At the edge of a small Ontario town, a steep-sided turquoise lake occupies the footprint of a long-defunct iron mine. The water is still, the cliffs sharp, the surrounding land shaped by decades of excavation. From above, the site appears dormant, untouched since the last blast echoed through the valley nearly fifty years ago.
Yet this disused pit, formed in the middle of the last century and abandoned before environmental rehabilitation became law, is being reconsidered. Not for its mineral wealth or tourism potential, though both have been discussed. Instead, the focus has shifted to energy.
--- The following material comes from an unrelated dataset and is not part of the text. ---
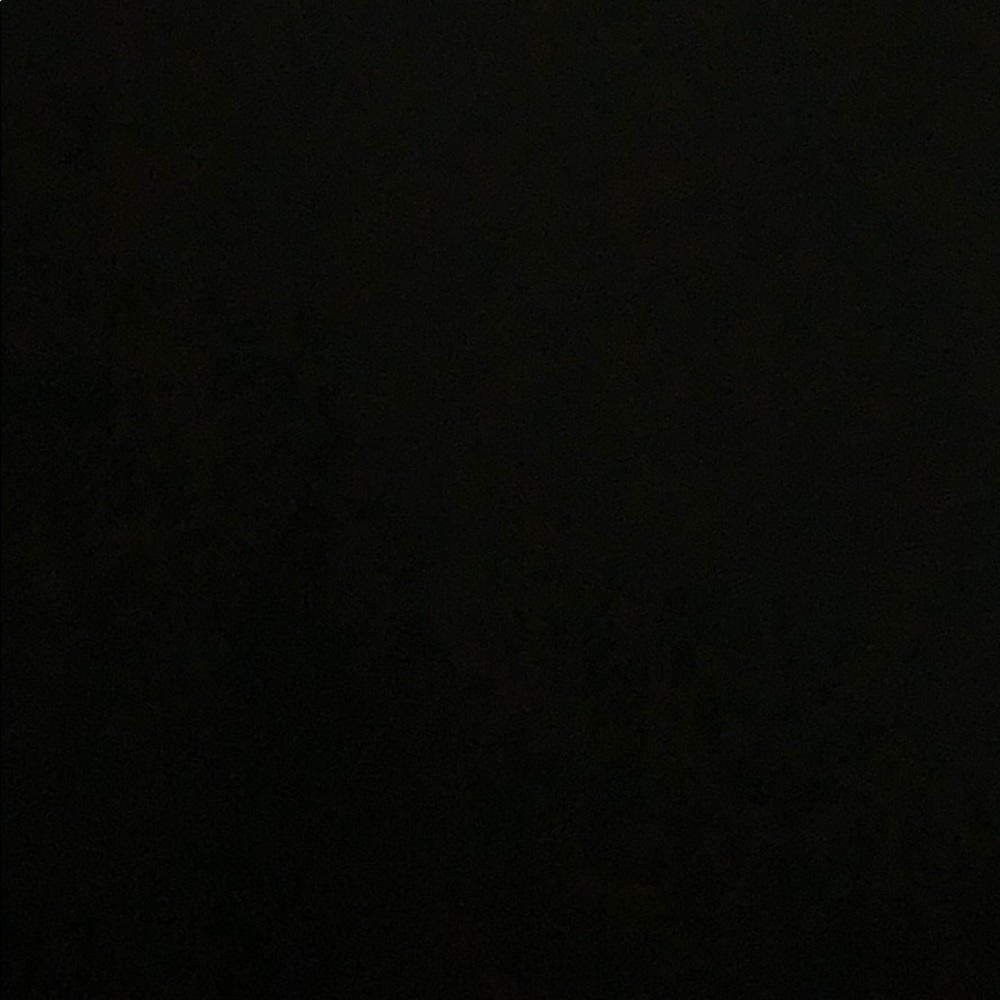 Meet your Posher, Abbie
More precisely, to energy storage, a sector becoming increasingly central to national electricity strategies as grids absorb more renewable power.
The Marmora Clean Energy Hub, led by Northland Power in partnership with Ontario Power Generation, would convert the flooded mine pit into the lower reservoir of a closed-loop hydroelectric system. A second, upper reservoir would be constructed nearby using surrounding waste rock. Electricity generated during low-demand periods would pump water to the upper level. When demand rises, the water would return via turbines, generating up to 400 megawatts for a duration of approximately five hours.
Northland has stated that the facility could supply power to an estimated 400,000 homes, equivalent to the combined population of Mississauga and Brampton. The project also includes a small solar generation component, adding roughly 30 megawatts of on-site capacity.